The Tyrol: Fanzieutes da leva (Groedner-style Raised Doughnuts)

This is yet another of the fat-rich recipes that mountain peoples develop to make sure they get enough calories to burn in the frigid winter weather.

In the Tyrolean Alps, the preferred frying fat would have been lard rather than oil, which would have been too expensive to bring up from the lowlands -- and unnecessary, anyway, when pigs were the most popular and easily raised local meat. These doughnuts -- flat discs with a thin middle but no hole -- are a good way to make a little flour go a long way: also a plus when wheat flour is an expensive and limited resource.

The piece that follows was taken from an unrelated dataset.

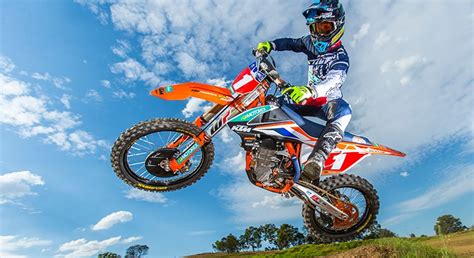 Video: KTM Motocross Racing Team - Transmoto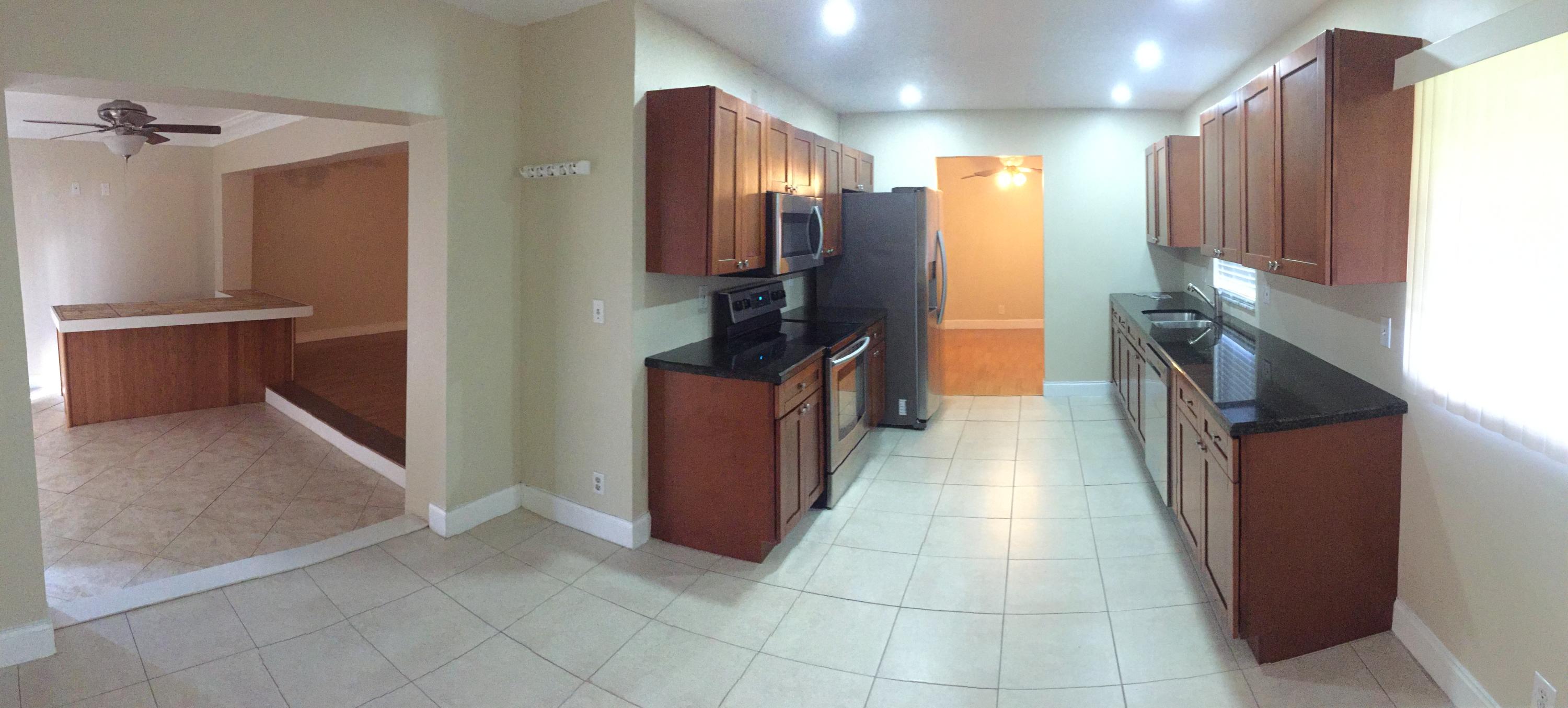 22447 Southwest 56th Avenue Boca Raton, FL 33433 - Photo 3 of 11 Photo Mar 04, 2 30 53 PM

They fry up beautifully and are very good sprinkled with sugar. (Some local variants of the recipe call for fruit jam to be spooned into the depression in the middle of the doughnut after it's cooled, as in the image to the right.)

Fanzieutes da leva (the Ladin name of the doughnuts) are also known as vaschetta frite (in Italian) or kniekiechl (in German).

For the doughnuts:

  • 500 grams flour

  • 30 grams fresh yeast or a package of dry quick yeast
  • 3 egg yolks
  • 50 grams of butter, melted
  • Grated zest of a lemon
  • 250ml milk
  • Sufficient deep fat for frying (normal vegetable oil works fine, but if you feel like going whole hog and using lard, more power to you)

Warm the milk to blood temperature and add to the yeast, allowing it to sit for 15 minutes, until the yeast starts to become active and begins bubbling.

Sift the flour into a bowl: make a well in the flour, add the yeast and milk mixture, cover with a little of the flour, and allow the yeast to develop further for half an hour or so, making a "sponge".

Then mix the sponge down. Add to this mixture the egg yolks, the butter, the lemon zest, and some more warmed milk, mixing everything very thoroughly. If necessary, add some more milk to make sure the dough is the right consistency. Cover and allow to rise.

Turn the dough out onto a floured board and knead quickly: then break off small same-sized pieces, round into balls, cover with a towel and allow to rise again. Heat the fat.

Flatten the dough balls, and with both hands pinch the centers to thin them out, turning each flattened piece to make sure that the depression is of an even thickness on all sides, and the outer edges of the doughnut bulge. (Don't make a hole, though.)

When the fat is hot, use a ladle or skimmer to lower the doughnuts into the hot fat. Fry them into they puff up nicely into a sort of "hat" shape. Remove them and drain on a paper towel.

Sprinkle with granulated or powdered sugar, as you prefer, and serve. Or allow to cool and spoon jam into the depression of each doughnut. Then sift a little powdered sugar over them and serve.